L'audio registrato dalla ragazzina: "Non dire niente, che m’attaccanu"

Aggressione  - Fotogramma
Aggressione - Fotogramma
11 maggio 2024 | 08.42
LETTURA: 2 minuti

Una misura cautelare nei confronti di un 65enne, collaboratore scolastico di una scuola media di Taurianova, Reggio Calabria, è stata eseguita dai carabinieri del Comando Provinciale di Reggio Calabria, perché indagato con la grave accusa di violenza sessuale aggravata su minorenne. I fatti risalgono al 2023, quando la vittima, una studentessa all’epoca tredicenne, frequentava l’ultimo anno di scuola media nel plesso scolastico in cui fa servizio l’indagato che, nel corso delle attività pomeridiane, aveva dapprima iniziato a rivolgerle apprezzamenti non graditi, per poi iniziare a seguirla negli spostamenti lungo i corridoi. Dopo mesi di queste molestie, l’uomo aveva approfittato di un momento di pausa dalle lezioni, per seguire la ragazzina all’interno dei bagni, bloccarne ogni via di fuga e palpeggiarla nelle parti intime.

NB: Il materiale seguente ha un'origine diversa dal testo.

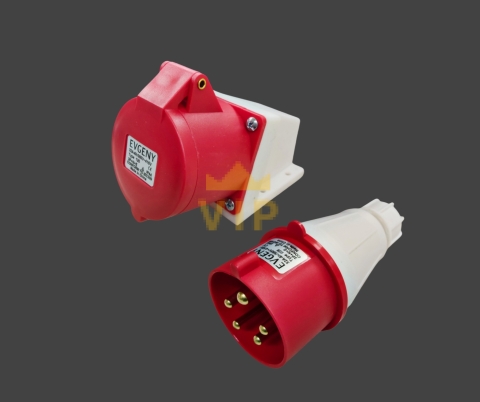 Ổ cắm công nghiệp gắn nổi 5P 32A IP44 400V EVGENY
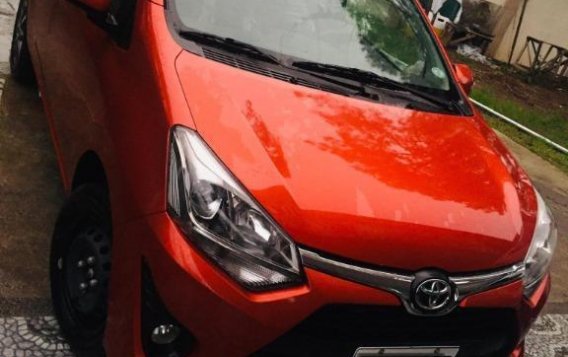 Orange Toyota Wigo 2019 for sale in Baguio City-2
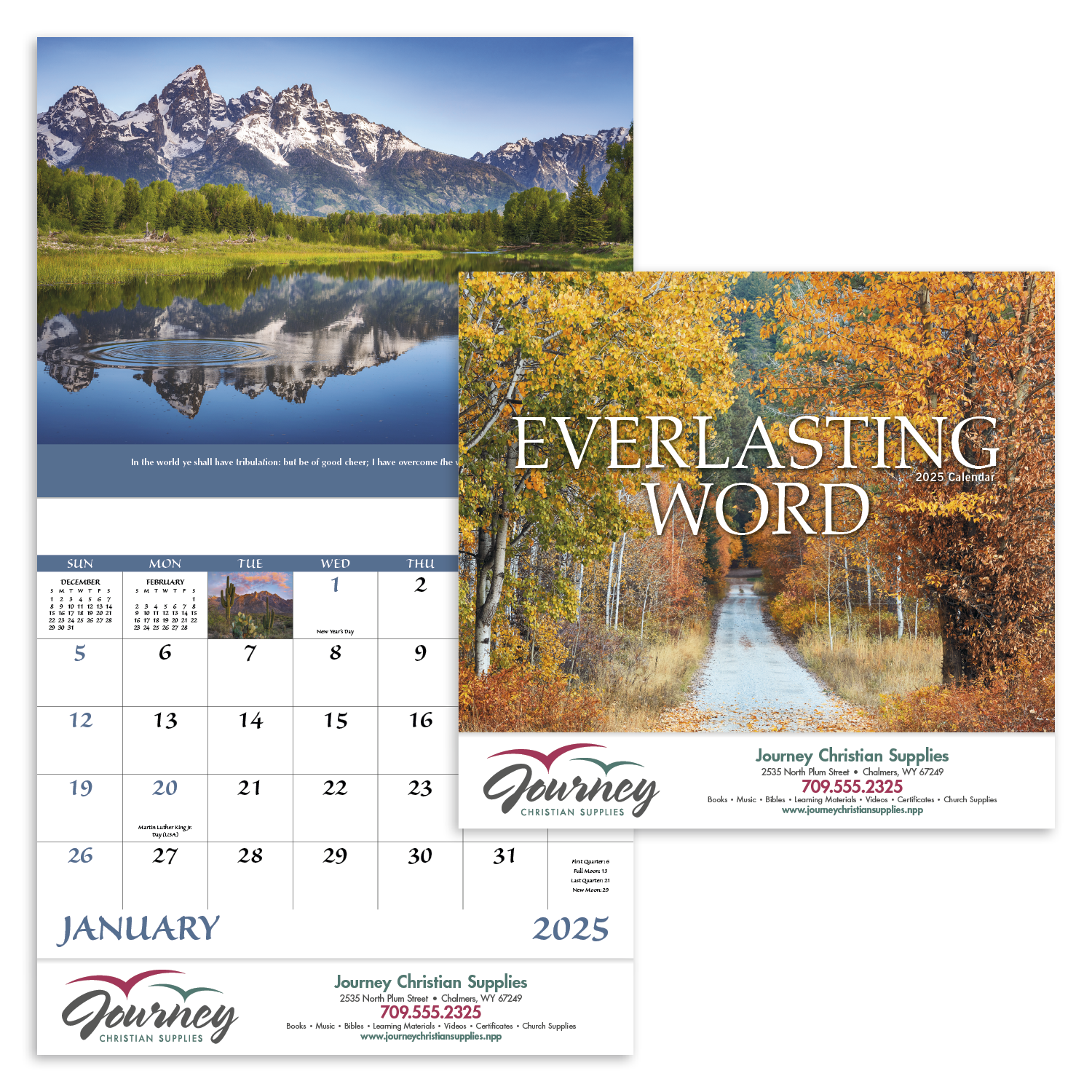 Good Value™ Everlasting Word - Stapled Calendar 34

A dare il via alle investigazioni dei carabinieri è stata la stessa studentessa che, profondamente turbata, aveva confessato gli abusi di cui era stata vittima ai propri genitori e alle amiche più strette. Con il loro conforto, si era presentata alla stazione dei carabinieri di Taurianova, per riferire tutto. Immediata l’attivazione del Codice Rosso, la misura legislativa introdotta per garantire tempestività nella reazione delle forze dell’ordine e della magistratura davanti a reati di genere, come maltrattamenti in famiglia, stalking e violenza sessuale.

A incidere sulle valutazioni effettuate dal Gip di Palmi, Anna Laura Ascioti, è stato, tra le altre cose, il riscontro dato alle dichiarazioni della vittima da una registrazione audio che quest’ultima aveva fatto partire con il proprio cellulare, una volta accortasi di non essere in grado di sfuggire al proprio aggressore. La traccia vocale, che ripercorre quei terribili minuti, si conclude solo una volta che l’indagato la lascia da sola nei bagni, dopo averle intimato di serbare il silenzio sull’accaduto: “Non dire niente, mi raccomando, ca m’attaccanu”: non dire niente, mi raccomando, o mi arrestano.